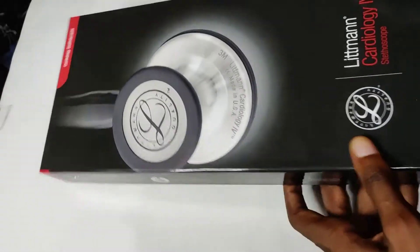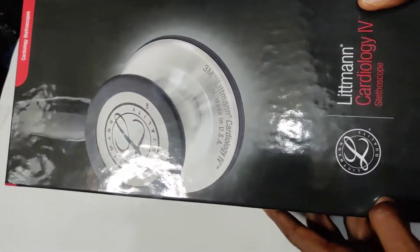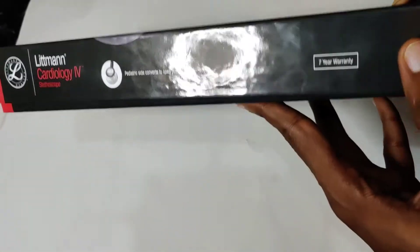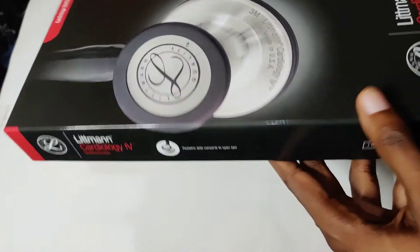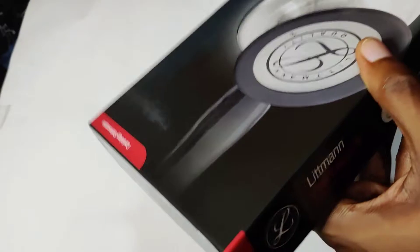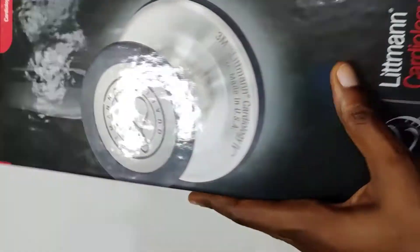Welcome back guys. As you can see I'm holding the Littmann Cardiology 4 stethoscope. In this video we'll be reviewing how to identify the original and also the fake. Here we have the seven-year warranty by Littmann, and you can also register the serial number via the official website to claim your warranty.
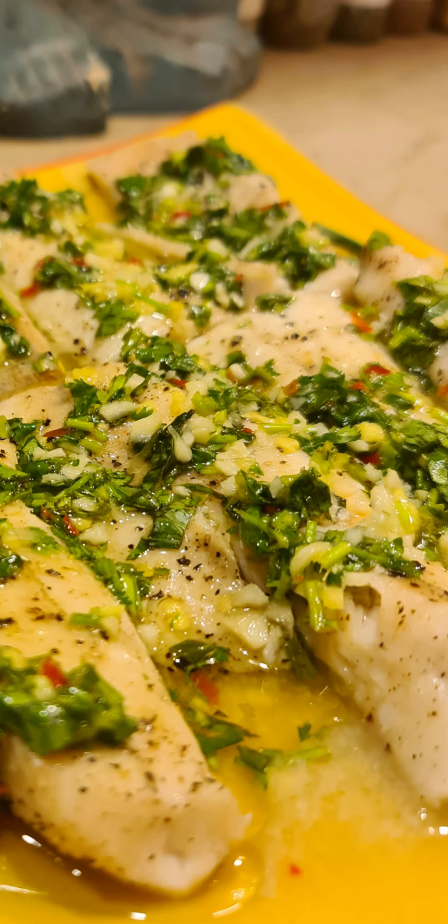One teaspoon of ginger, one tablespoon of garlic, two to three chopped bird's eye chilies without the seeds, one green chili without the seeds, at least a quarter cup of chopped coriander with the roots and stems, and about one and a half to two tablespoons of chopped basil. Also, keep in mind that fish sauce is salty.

--

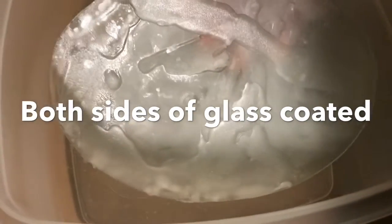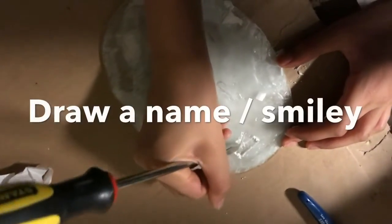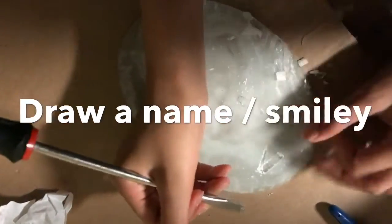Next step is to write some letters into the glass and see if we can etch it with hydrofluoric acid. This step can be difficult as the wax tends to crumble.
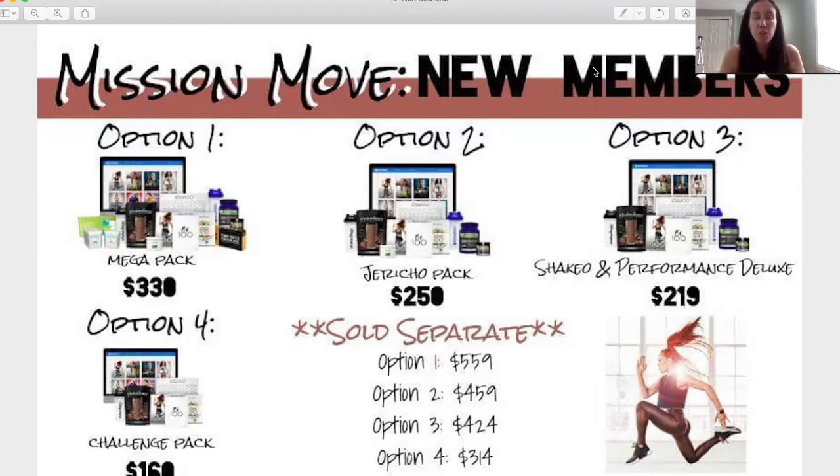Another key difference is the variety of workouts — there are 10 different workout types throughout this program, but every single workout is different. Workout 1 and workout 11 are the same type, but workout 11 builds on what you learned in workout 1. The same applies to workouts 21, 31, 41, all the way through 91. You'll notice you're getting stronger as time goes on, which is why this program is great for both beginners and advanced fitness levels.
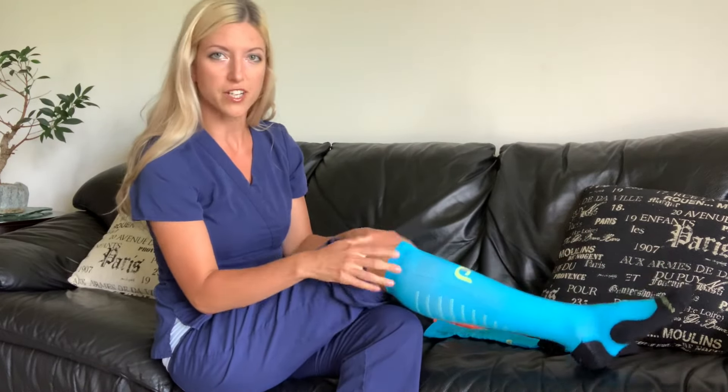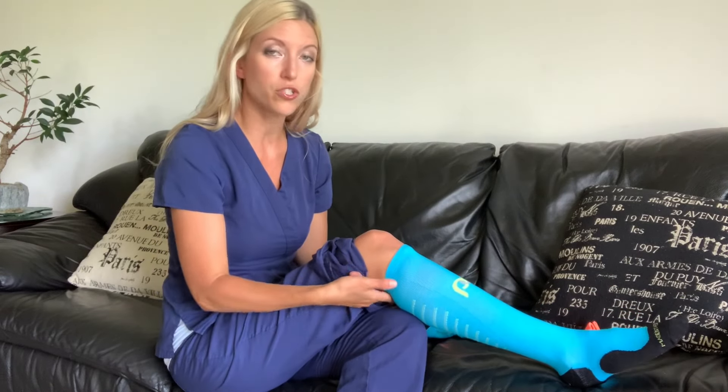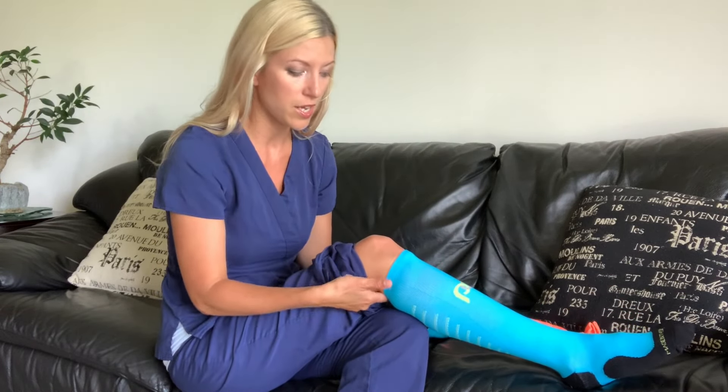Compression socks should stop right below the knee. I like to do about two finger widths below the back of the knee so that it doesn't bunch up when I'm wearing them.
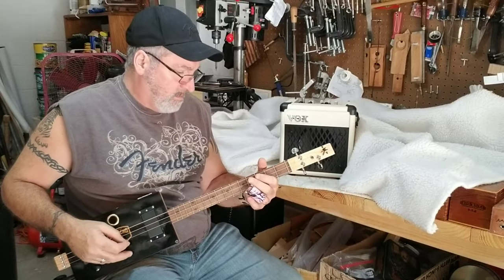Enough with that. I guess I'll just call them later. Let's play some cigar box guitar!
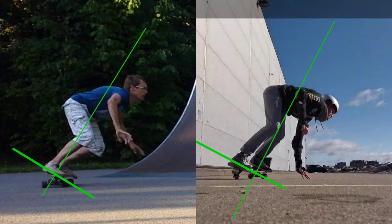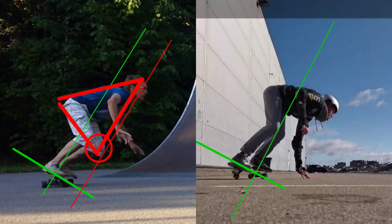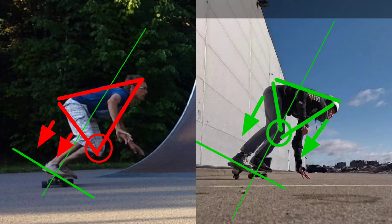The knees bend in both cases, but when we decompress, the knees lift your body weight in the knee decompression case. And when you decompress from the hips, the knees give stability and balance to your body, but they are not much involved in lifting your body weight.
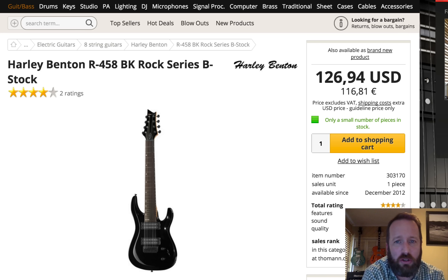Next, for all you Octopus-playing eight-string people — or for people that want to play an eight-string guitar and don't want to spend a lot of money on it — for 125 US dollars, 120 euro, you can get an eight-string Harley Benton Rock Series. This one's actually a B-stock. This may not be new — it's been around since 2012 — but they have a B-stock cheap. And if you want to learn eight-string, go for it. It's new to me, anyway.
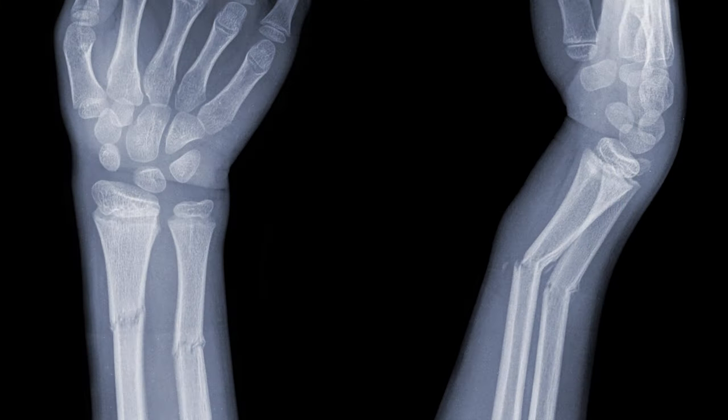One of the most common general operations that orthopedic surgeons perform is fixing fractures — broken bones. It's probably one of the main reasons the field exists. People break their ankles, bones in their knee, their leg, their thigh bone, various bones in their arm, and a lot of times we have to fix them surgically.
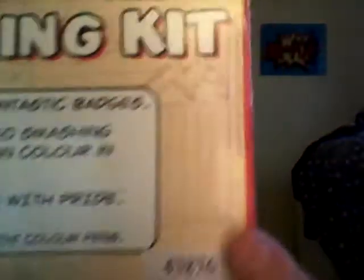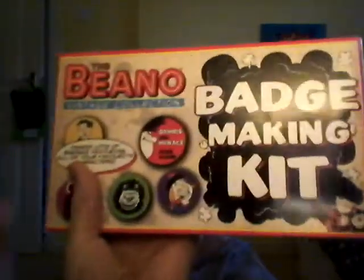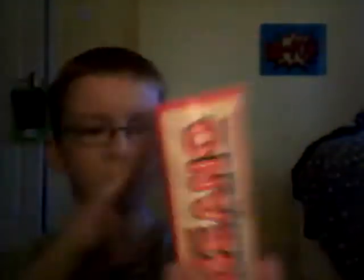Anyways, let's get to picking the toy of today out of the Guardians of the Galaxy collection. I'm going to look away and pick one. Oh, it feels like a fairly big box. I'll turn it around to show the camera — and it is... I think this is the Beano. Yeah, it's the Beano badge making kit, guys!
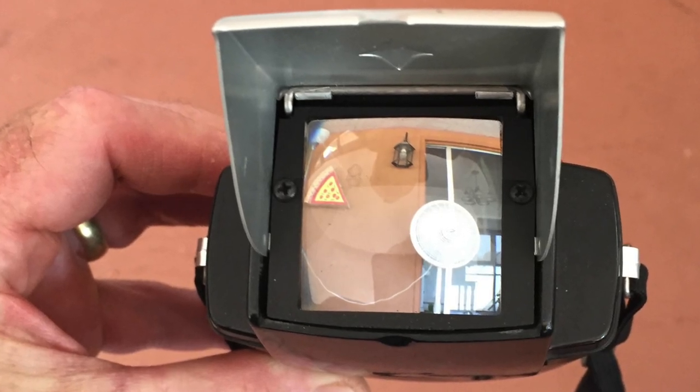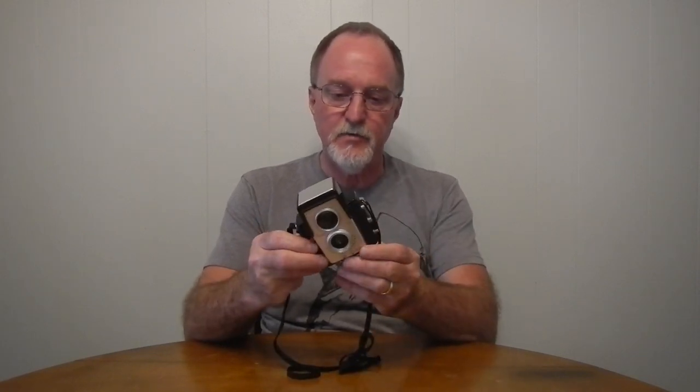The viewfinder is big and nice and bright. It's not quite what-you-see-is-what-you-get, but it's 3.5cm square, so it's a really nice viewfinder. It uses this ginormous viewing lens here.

**Instructions to follow**
Set down word for word the lines above from the one with "Next, for all" up to and including the one with "The viewfinder is". Omit every picture.

**Finished task**
Next, for all you Octopus-playing eight-string people — or for people that want to play an eight-string guitar and don't want to spend a lot of money on it — for 125 US dollars, 120 euro, you can get an eight-string Harley Benton Rock Series. This one's actually a B-stock. This may not be new — it's been around since 2012 — but they have a B-stock cheap. And if you want to learn eight-string, go for it. It's new to me, anyway.
One of the most common general operations that orthopedic surgeons perform is fixing fractures — broken bones. It's probably one of the main reasons the field exists. People break their ankles, bones in their knee, their leg, their thigh bone, various bones in their arm, and a lot of times we have to fix them surgically.
Anyways, let's get to picking the toy of today out of the Guardians of the Galaxy collection. I'm going to look away and pick one. Oh, it feels like a fairly big box. I'll turn it around to show the camera — and it is... I think this is the Beano. Yeah, it's the Beano badge making kit, guys!
The viewfinder is big and nice and bright. It's not quite what-you-see-is-what-you-get, but it's 3.5cm square, so it's a really nice viewfinder. It uses this ginormous viewing lens here.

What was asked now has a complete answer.